Les autorités de l’église protestante en Haïti font croire aux adhérents à travers les messages qu’ils véhiculent que les manifestations des rues, les revendications populaires conformes à la constitution de 1987 amendée ne sont pas faites pour eux. Certains autorités de l’église protestante ont la conviction qu’un Vrai chrétien ne doit pas se présenter aux élections qu’elles soient nationales, départementales, communales, etc. Ils affirment que s’immiscer dans la politique en Haïti est un péché.
Par conséquent, les individus constituants les assemblées de l’église protestante en Haïti ne développent aucune forme de résistance face à ces discours qui porte atteinte au civisme.
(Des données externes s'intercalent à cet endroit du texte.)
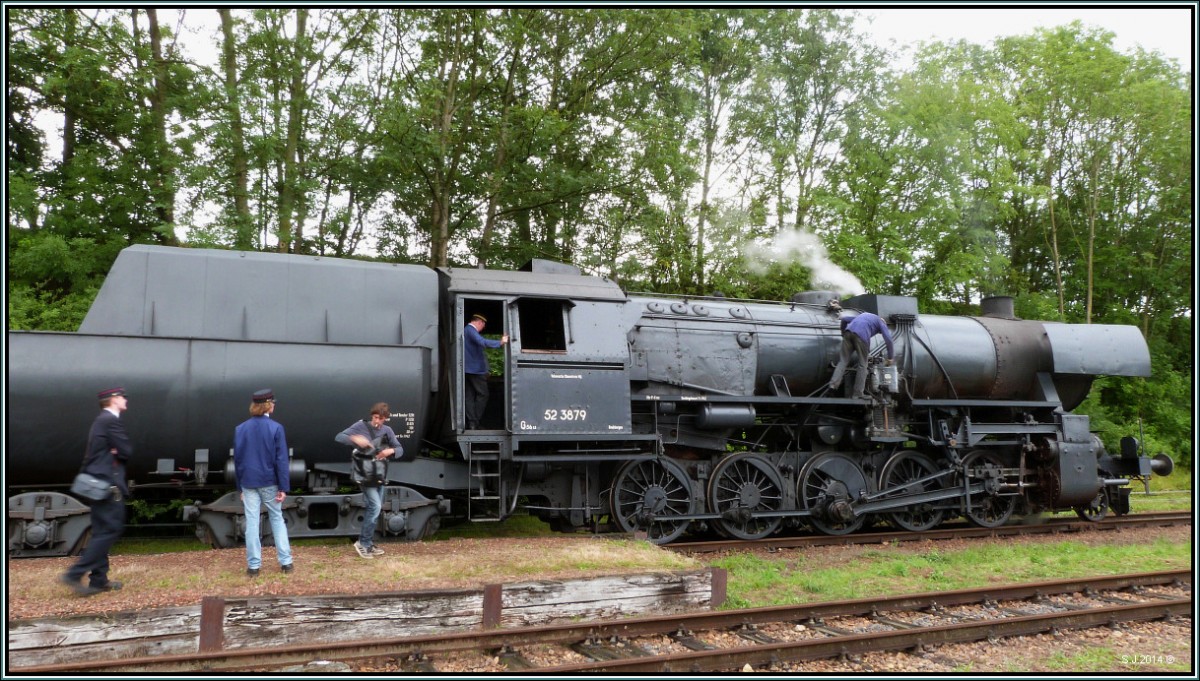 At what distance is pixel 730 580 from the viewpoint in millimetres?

Si ces propos ne sont pas remis en question cela n’est que le résultat de l’evanouissement de la conscience individuelle de ces derniers sous pression de la foule. Cela veut dire que l’individu, une fois dans la foule, s’identifie à celle-ci et agit selon l’orientation de celle-ci. Les assemblées protestantes sont des foules psychologiques si l’on emprunte le terme de Gustave Lebon. Elles possèdent donc une âme collective.
Volonté individuelle du chrétien protestant et contrainte morale
Le chrétien protestant, une fois écarté de l’assemblée, peut agir différemment, penser différemment, jusqu’a transgresser les principes imposés par les autorites ecclésiales puisqu’il ne subit plus l’influence de la foule. Mais, une telle idée suscite en même temps, chez lui, une sorte de coercition. Le chrétien protestant qui essaie de prendre part aux pratiques allant à l’encontre des règles imposées par l’église à laquelle il appartient se sent coupable par le fait qu’il pense avoir violer les principes religieux établis.
Enfin, l’église protestante en haiti, en tant qu’institution religieuse et sociale, pèse lourdement dans la société haïtienne tant par leur nombre et mission. Malgré le service de réconfort spirituel qu’elle semble apporter dans le pays, elle ne joue pas pleinement un rôle important dans la formation de vrai citoyen haïtien. Des citoyens qui doivent être très conscients des problèmes sociaux, économiques, politiques et sécuritaires qui ruinent le pays. Des citoyens qui ont, à côté de leur foi en Dieu, une conviction sociale pour laquelle ils sont prêts à se battre. Cependant, l’institution protestante en Haïti peut, malgré tout, se redresser comme institution faisant promotion des valeurs citoyennes afin de mettre le pays sur la voie du progrès.